Materials provided START
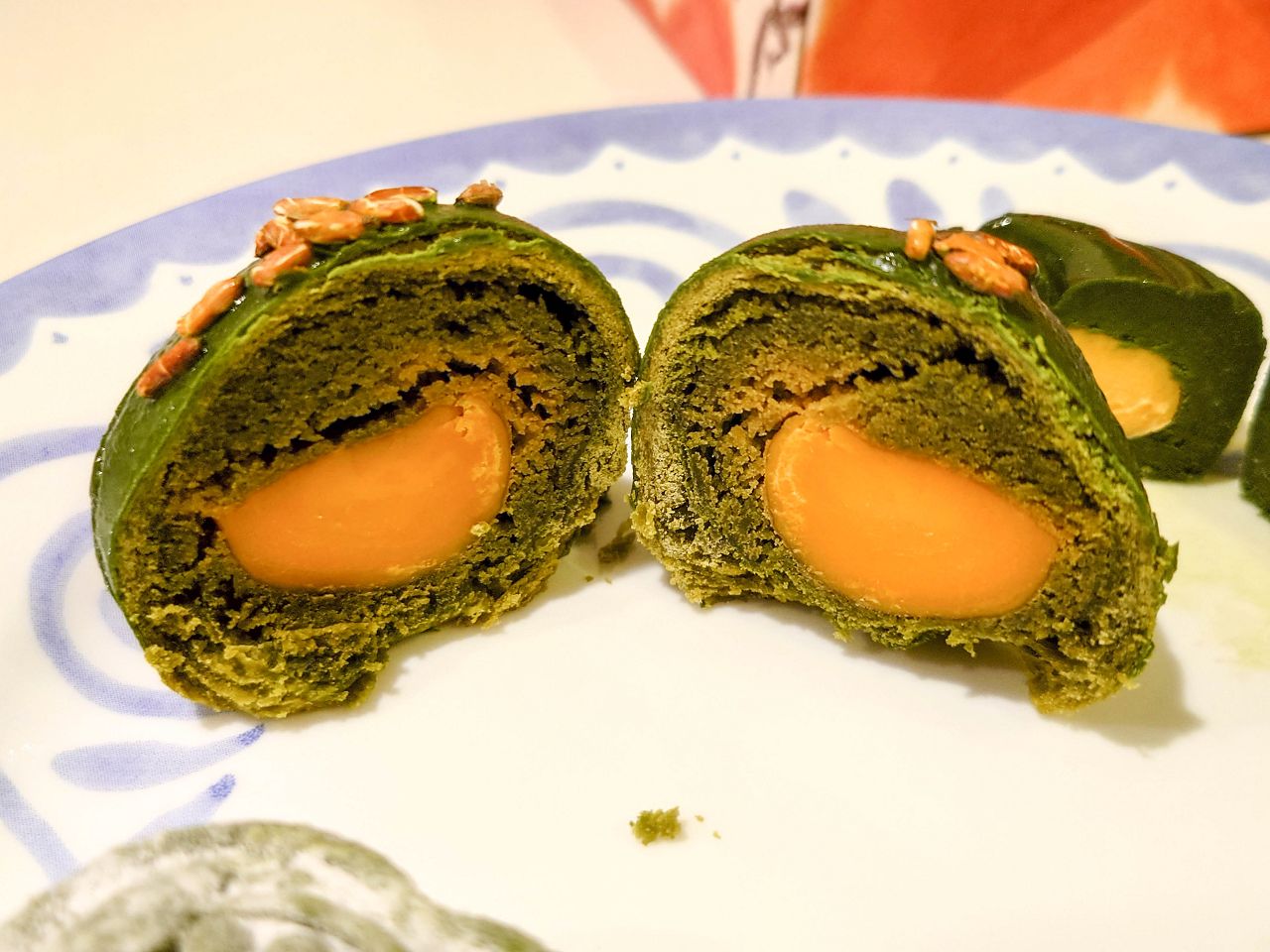 [食記][高雄市] 兔思糖法式甜點 3部曲 — 高雄抹茶控必訪神店搬新址，空間更寬敞環境質感佳，濃抹又美味的抹茶甜點和飲品。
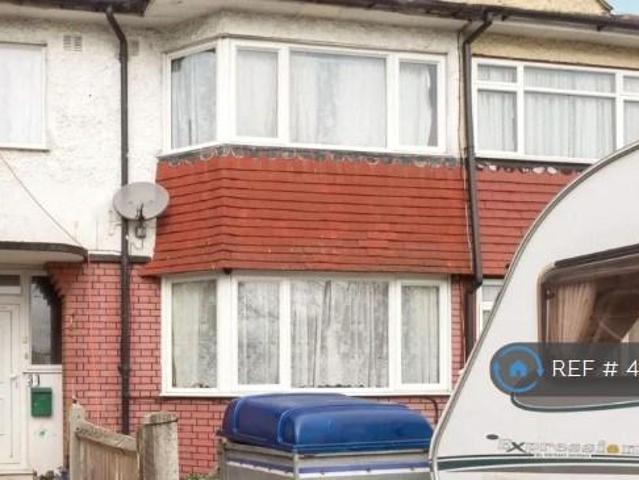 Bishopsford Road, Morden, SM4 5 bed terraced house to rent £3,000 pcm £692 pw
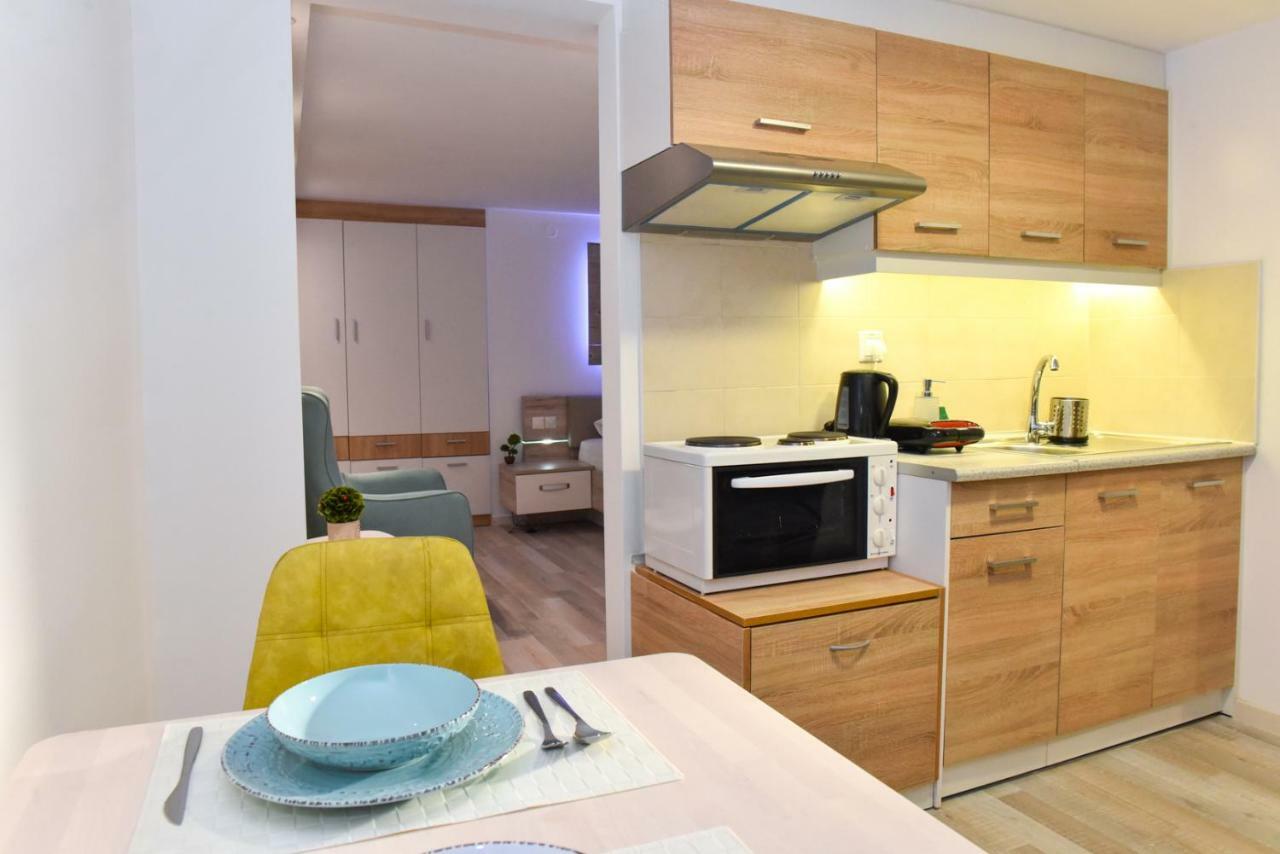 La Perla Apartments Каламата Экстерьер фото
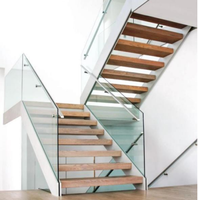 Escalier flottant moderne et garde-corps en verre trempé avec fixations métalliques apparentes, design minimaliste pour villa/maison de luxe
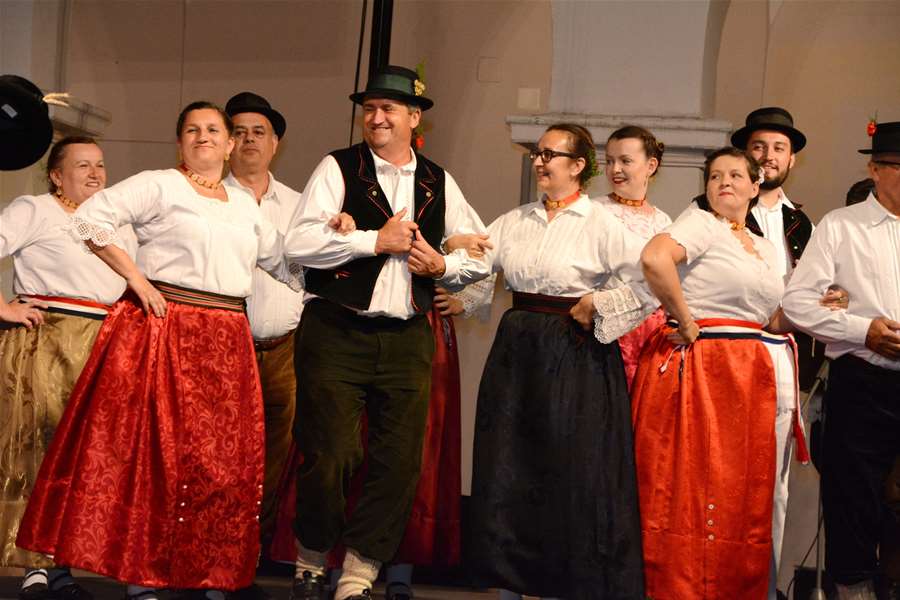 festival folklora.jpg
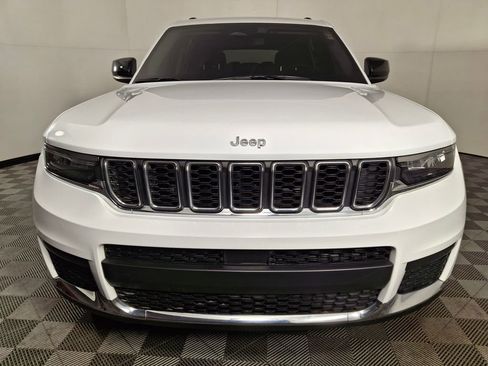 Used 2023 Jeep Grand Cherokee L Laredo AWD/4WD image 8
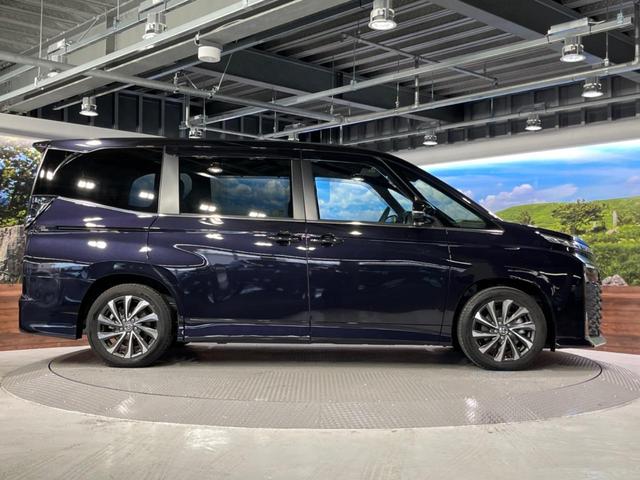 ヴォクシー ハイブリッドS-Z 純正10型ディスプレイ 全周囲カメラ 三眼LED 両側電動ドア 電動リアゲート 衝突軽減 レーダークルーズ シートヒーター フォグランプ リアオートエアコン(16枚目)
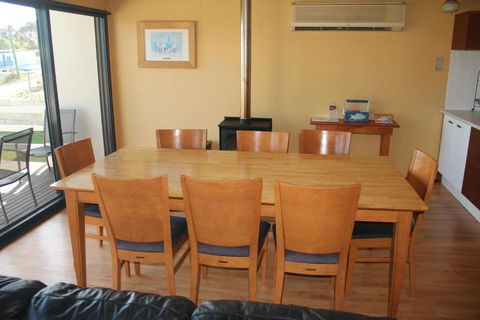 Gabbadah Beach House - Tourism Noosa 3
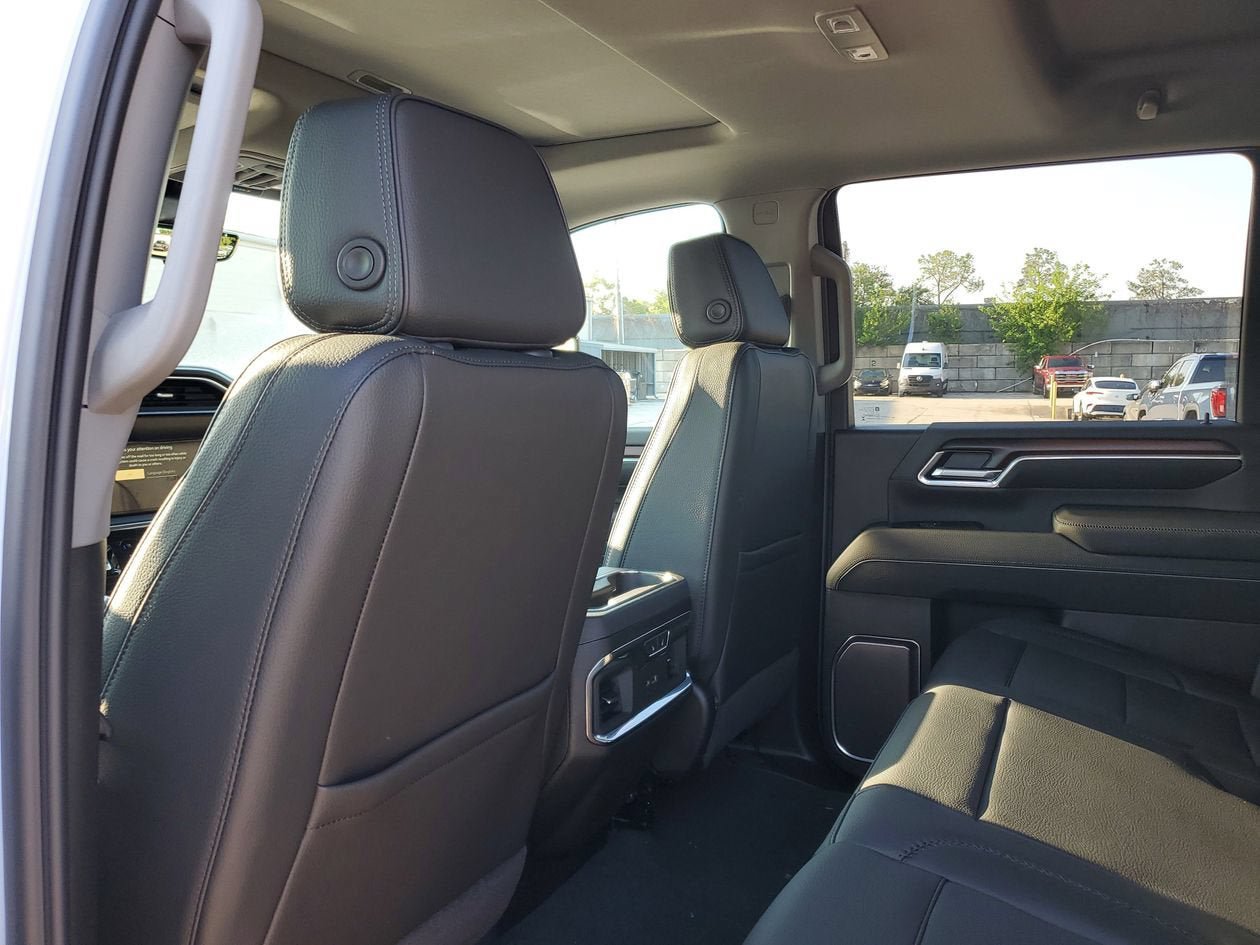 New 2026 GMC Sierra 2500 Denali w/ Denali Reserve Package AWD/4WD image 11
Materials provided END
## Task item
Pictures don't belong in the copy. Restate all the entries exactly.

## Response
 [食記][高雄市] 兔思糖法式甜點 3部曲 — 高雄抹茶控必訪神店搬新址，空間更寬敞環境質感佳，濃抹又美味的抹茶甜點和飲品。
 Bishopsford Road, Morden, SM4 5 bed terraced house to rent £3,000 pcm £692 pw
 La Perla Apartments Каламата Экстерьер фото
 Escalier flottant moderne et garde-corps en verre trempé avec fixations métalliques apparentes, design minimaliste pour villa/maison de luxe
 festival folklora.jpg
 Used 2023 Jeep Grand Cherokee L Laredo AWD/4WD image 8
 ヴォクシー ハイブリッドS-Z 純正10型ディスプレイ 全周囲カメラ 三眼LED 両側電動ドア 電動リアゲート 衝突軽減 レーダークルーズ シートヒーター フォグランプ リアオートエアコン(16枚目)
 Gabbadah Beach House - Tourism Noosa 3
 New 2026 GMC Sierra 2500 Denali w/ Denali Reserve Package AWD/4WD image 11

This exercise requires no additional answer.